Flint said access, usage and sustainability of water resources all need to be addressed over the long term.
Food demand in Asia is primarily tied to rising incomes and demand will outstrip supply, the report said. Food demand is expected to grow 3.64 percent each year between 2000 and 2030. In South and Southeast Asia, food demand is estimated to grow annually by 2.75 percent.
The report said in the Middle East and Northern Africa, agricultural production will be able to satisfy roughly 83 percent of total food demand in 2050 if it maintains a current rate of "total factor productivity," or TFP. The term reflects the amounts of total inputs used per unit of output, including comparisons of the growth of output to the growth of input use.

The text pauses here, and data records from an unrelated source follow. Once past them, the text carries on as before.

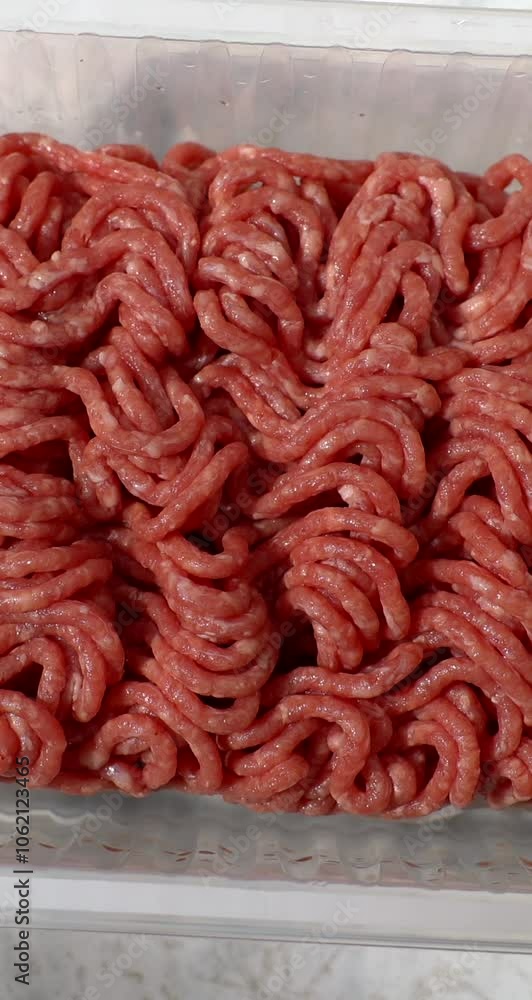 Minced meat, beef mince, forcemeat, fresh raw uncooked ground meat close up, rotating background. Vertical video content for social networks Minced meat, beef mince, forcemeat, fresh raw uncooked ground meat close up, rotating background. Vertical video content for social networks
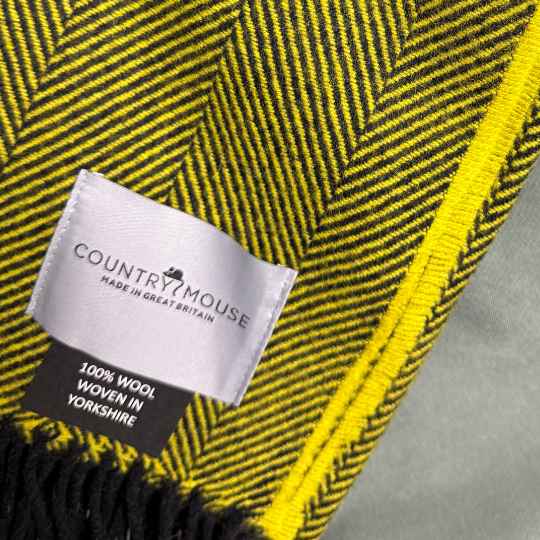 lichen herringone wool throw with a country mouse label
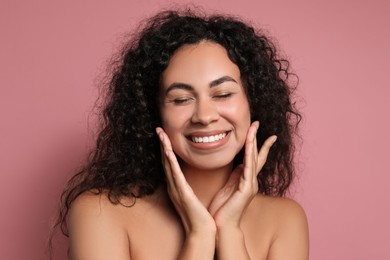 Photo of Cosmetology. Beautiful woman with perfect skin on pink background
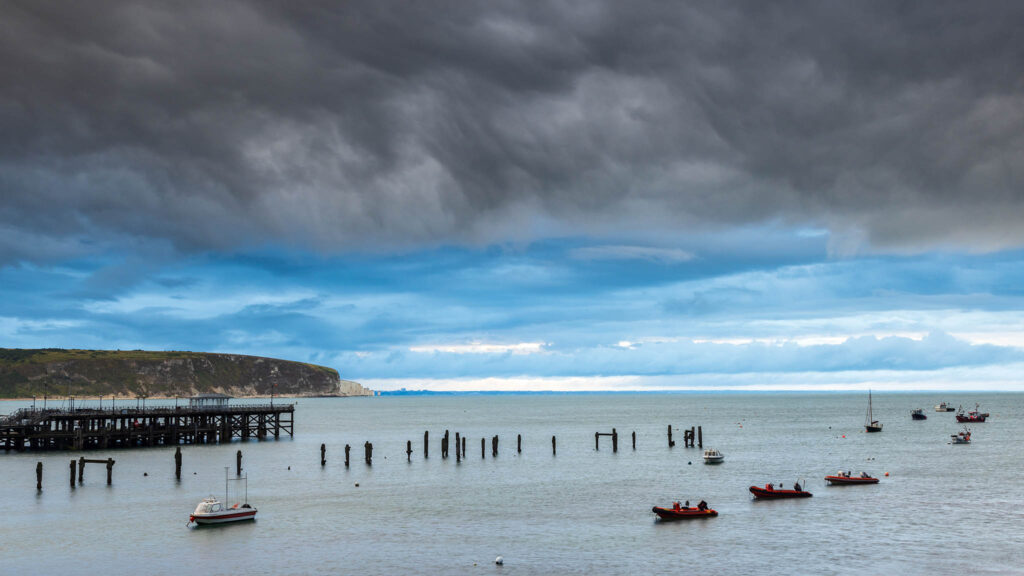 Storm over the old pier in Swanage with Old Harry Cliffs in the background, Dorset, England.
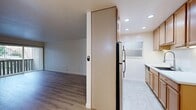 Located at 111 Cleaveland Rd in Pleasant Hill, CA, this one-bedroom, one-bathroom unit offers a practical and well-organized single-floor layout. The combined kitchen and living area forms the heart of the home, with warm wood-style flooring extending throughout. The living room is bright and open, featuring a wall-mounted HVAC unit and a sliding glass door that opens to a private balcony, allowing natural light and outdoor views to flow in. The kitchen is efficiently designed with warm wood cabinetry, recessed lighting, light tile flooring, a stainless steel sink, and a dishwasher, providing ample storage and counter space. A full-size refrigerator is also included. The bedroom is a well-proportioned, quiet retreat with a large window offering natural light and outdoor greenery views, complemented by a baseboard heater and its own closet with a sliding door. The bathroom features a full tub-shower combination with clean white tile surround and chrome fixtures. Throughout the unit, neutral tones, clean white walls, and consistent flooring create a cohesive, move-in-ready ambiance suited for comfortable everyday living.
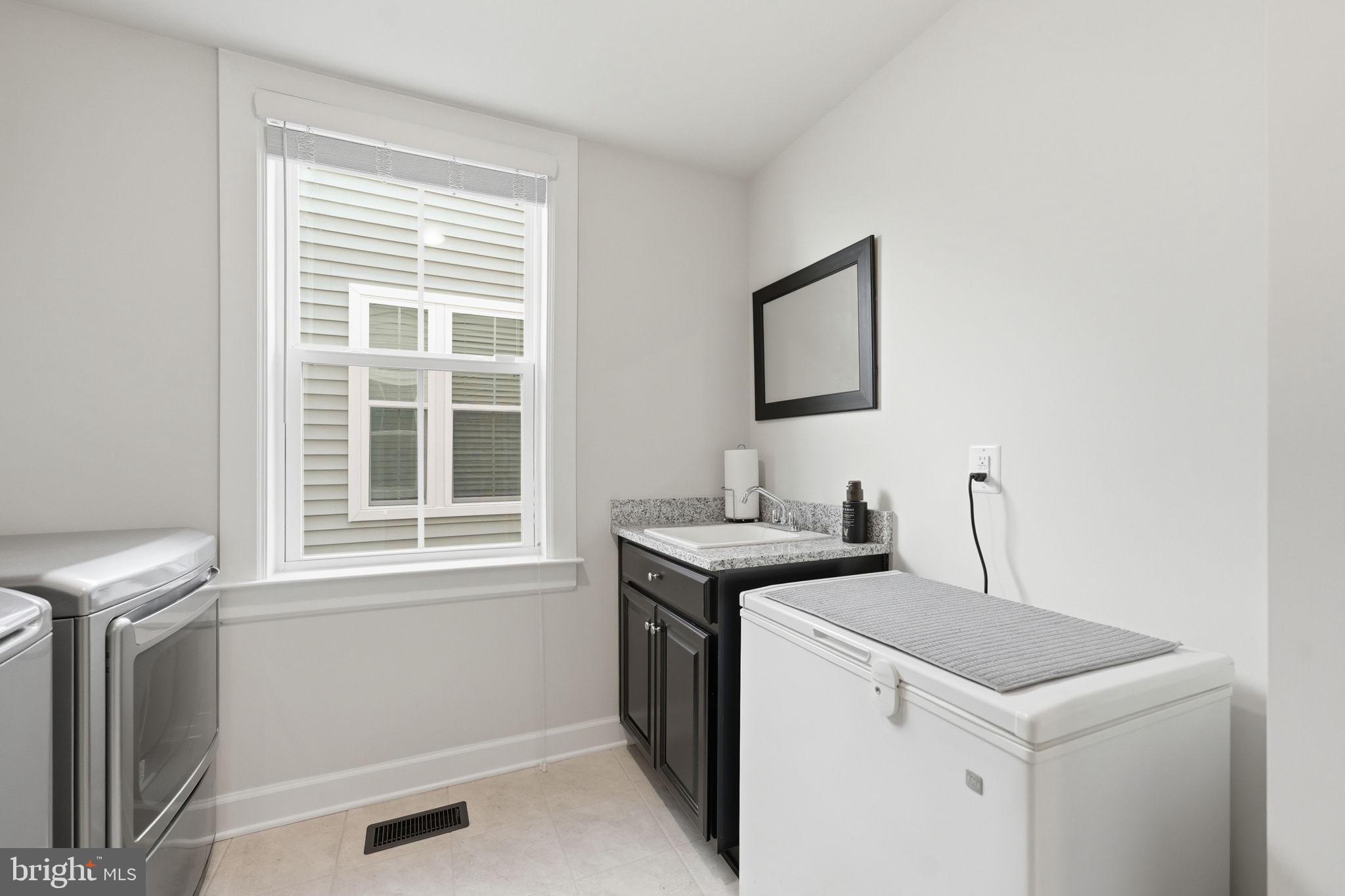 1488 Catbriar Way Odenton, MD 21113 - Photo 12 of 49 Laundry room w/utility sink & freezer
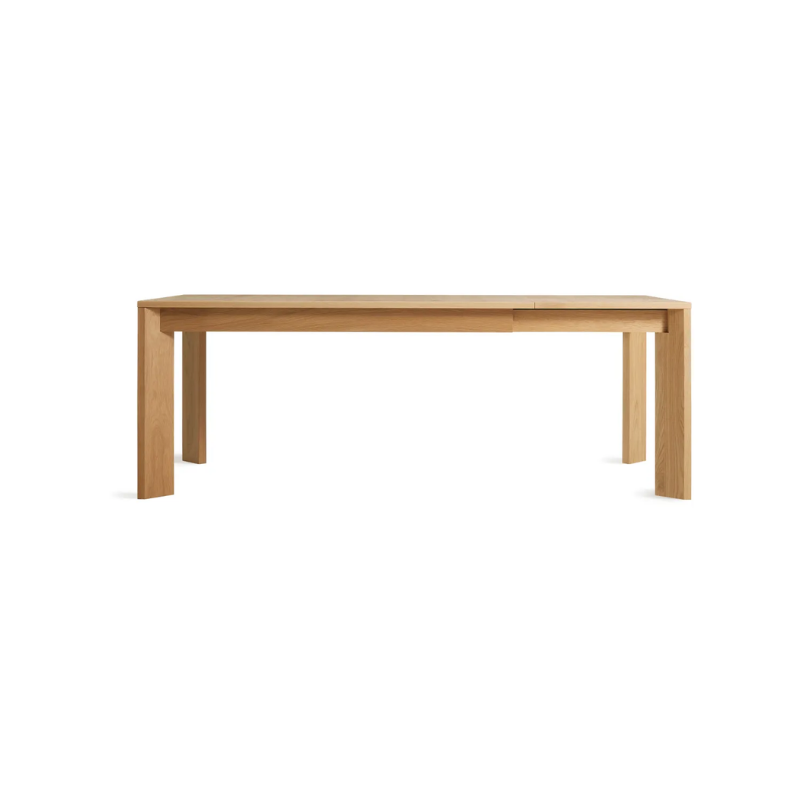 The 60 to 84 inch Moreover Extension Dining Table from Blu Dot in white oak extended.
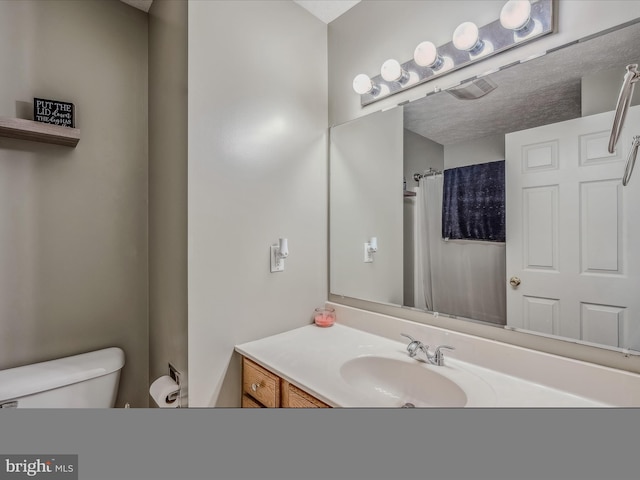 bathroom featuring vanity, a textured ceiling, and toilet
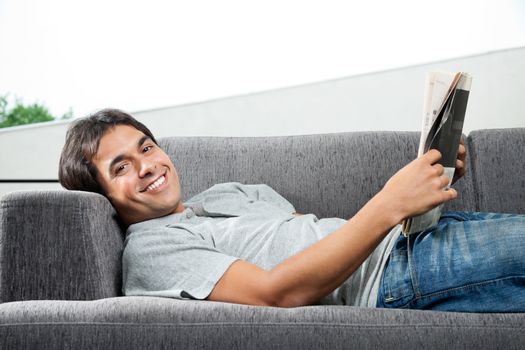 Portrait of young man in casual wear lying on sofa with a magazine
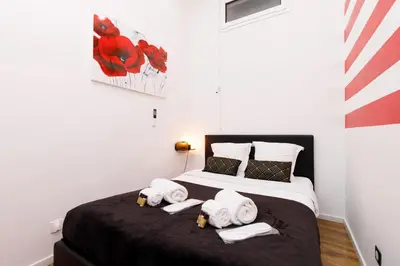 a bedroom with a bed with towels on it at Little Garden YourHostHelper in Cannes
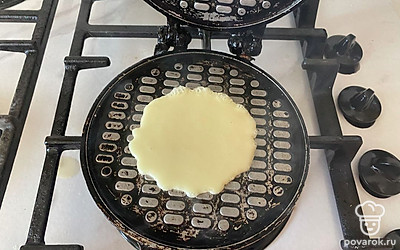 При помощи половника вылейте на форму часть теста. 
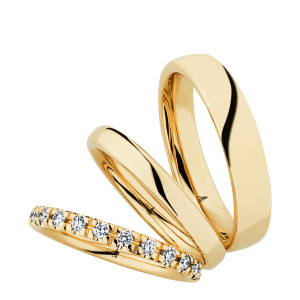 Christian Bauer 247106 18 karat yellow gold diamond wedding band, angled view of a rounded profile with evenly spaced round stones in shared prongs around the whole circumference, shown with its matching rings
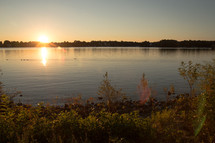 sunrise over a lake 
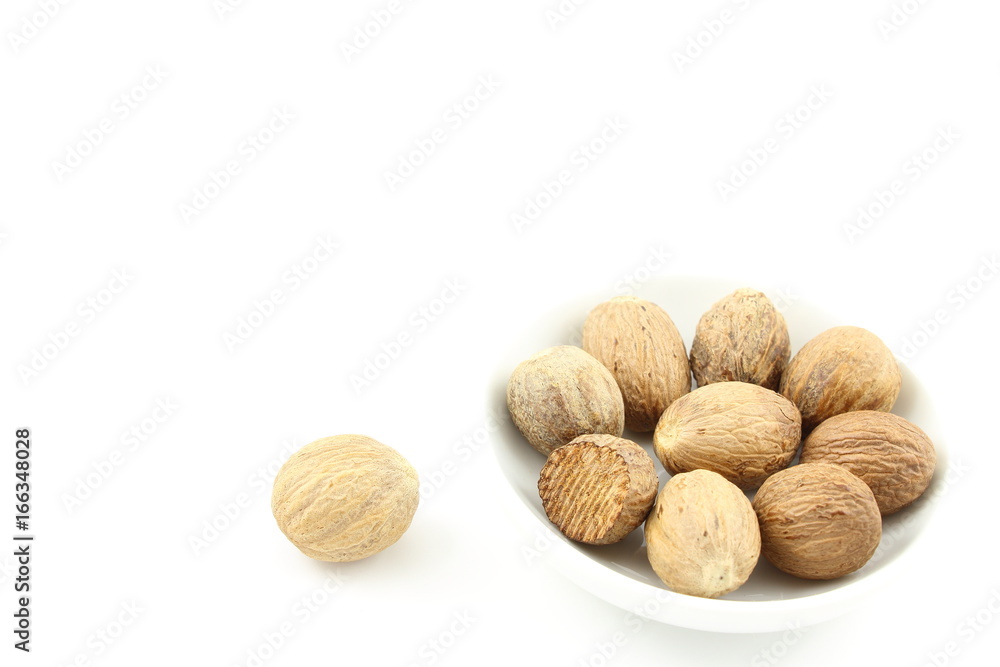 nutmeg seeds in a small white bowl nutmeg seeds in a small white bowl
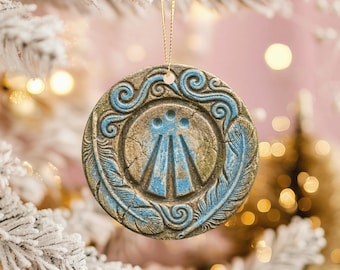 May include: A round, textured ceramic ornament featuring a central triskelion-inspired symbol in blue and weathered stone tones. The design includes embossed swirling patterns and two feather motifs along the edges, suspended by a thin gold cord.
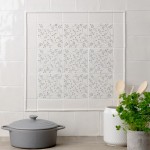 Flax Blue Pattern Square tiles wall panel, framed with half rounds and paired with Emma Flax Blue Plain Square tiles and border tiles behind a kitchen worktop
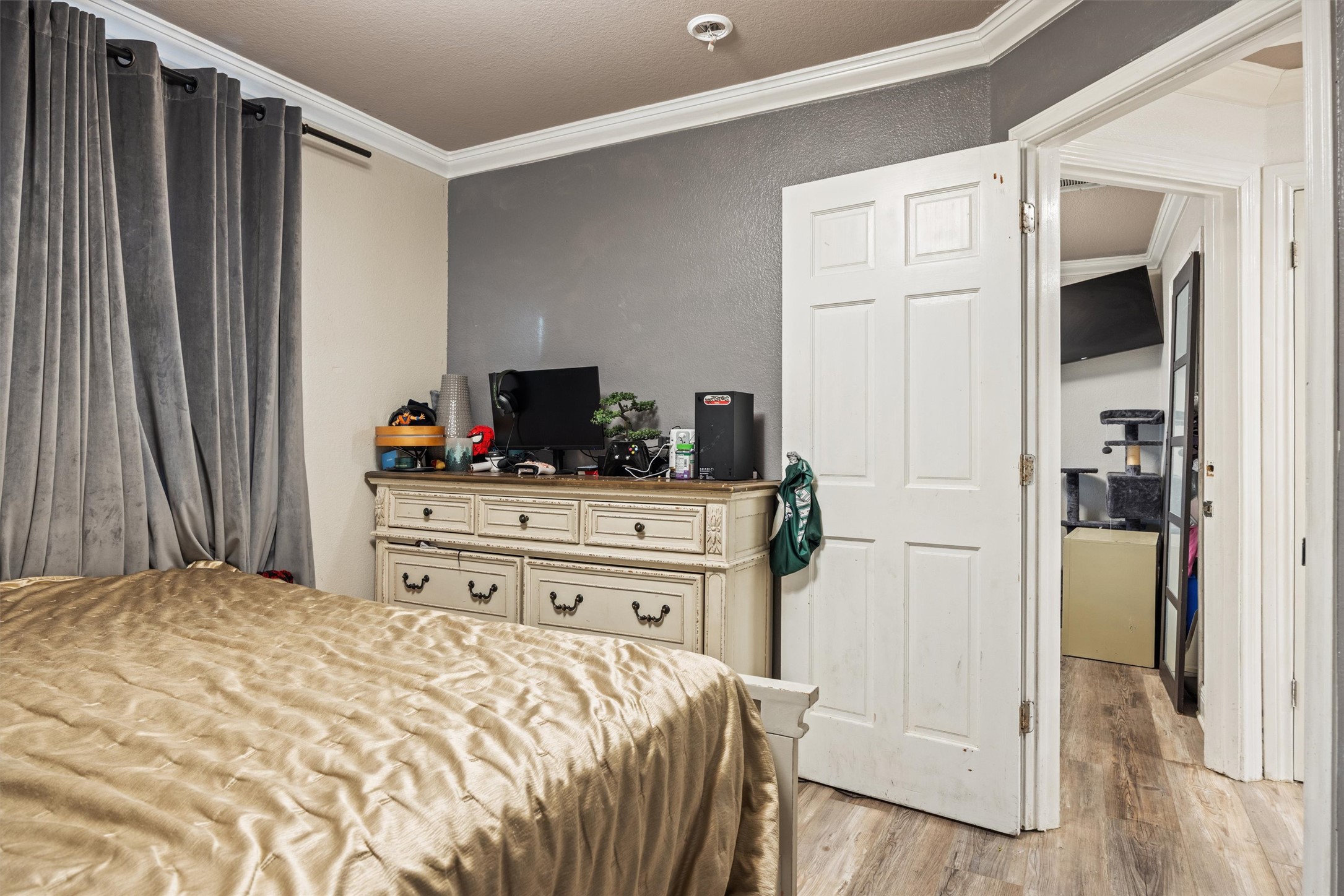 14409 Sandifer Street Austin, TX 78725 - Photo 17 of 31 Bedroom with crown molding and light wood finished floors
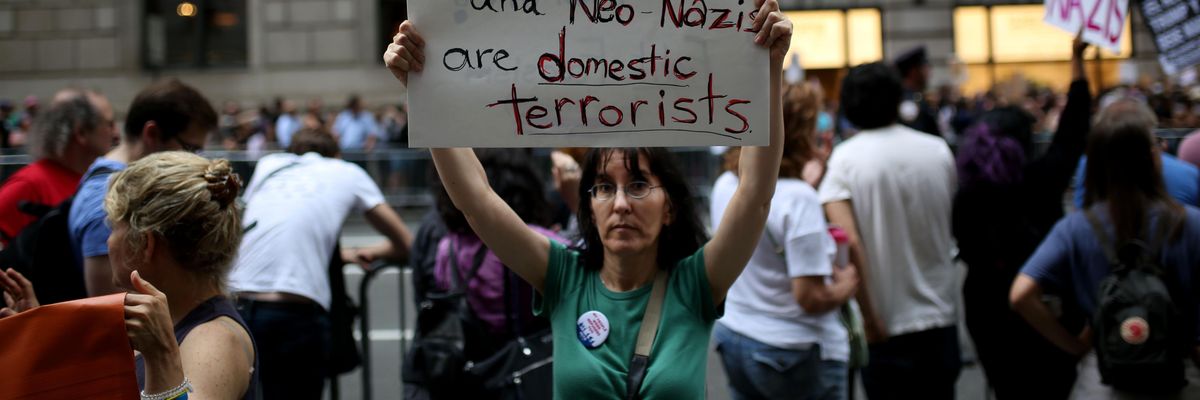 A protester holds a banner reading "The KKK and Neo-Nazis Are Domestic Terrorists" during a rally against then-U.S. President Donald Trump on August 14, 2017 in New York City. (Photo: Mohammed Elshamy/Anadolu Agency via Getty Images)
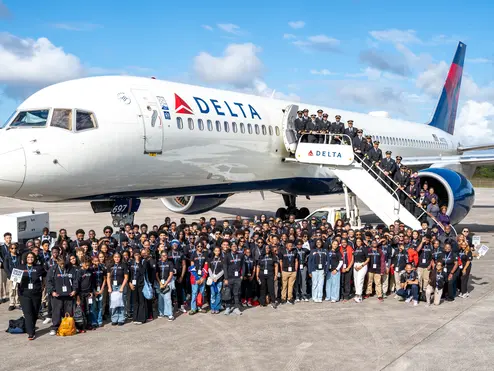 Group shot of DREAM flight attendees standing in front of Delta plane on tarmac. 
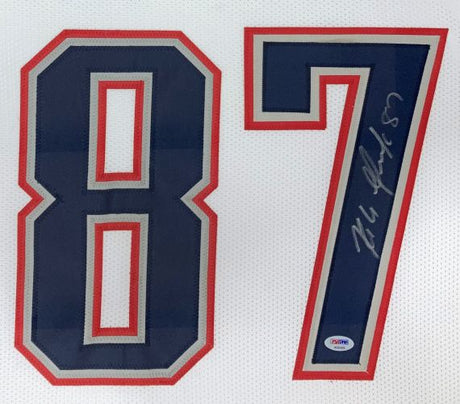 The Sports Integrity Rob Gronkowski New England Signed Framed White Football Jersey features a bold navy number 87 with red and gray outlines, a visible autograph on the 7, and a PSA/DNA hologram authentication sticker.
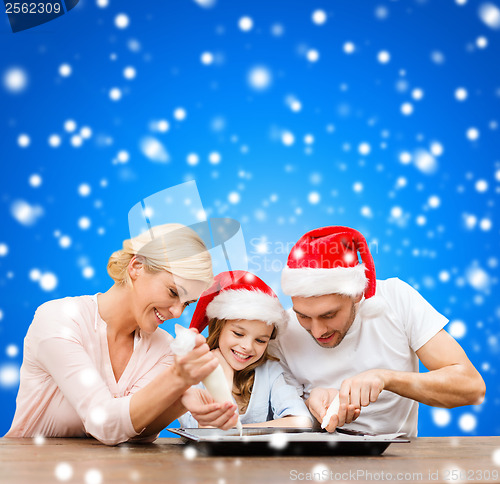 Image of happy family in santa helper hats making cookies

Latin America and the Caribbean will produce a substantial food surplus by 2050 if the current TFP rate is maintained, the report said. However, investment is needed in infrastructure and continued productivity improvements to maximize the region's prospects to become a net food exporter, the report said.
The report said areas in Eastern Europe and the former Soviet Union have "enormous agricultural production potential," but currently low productivity.
Given the wide global disparity in purchasing power, achieving necessary food production by 2050 requires improving the productivity of farmers in every major region, and across all scales of agriculture, from smallholder to commercial exporter, and preserving those gains, the report said.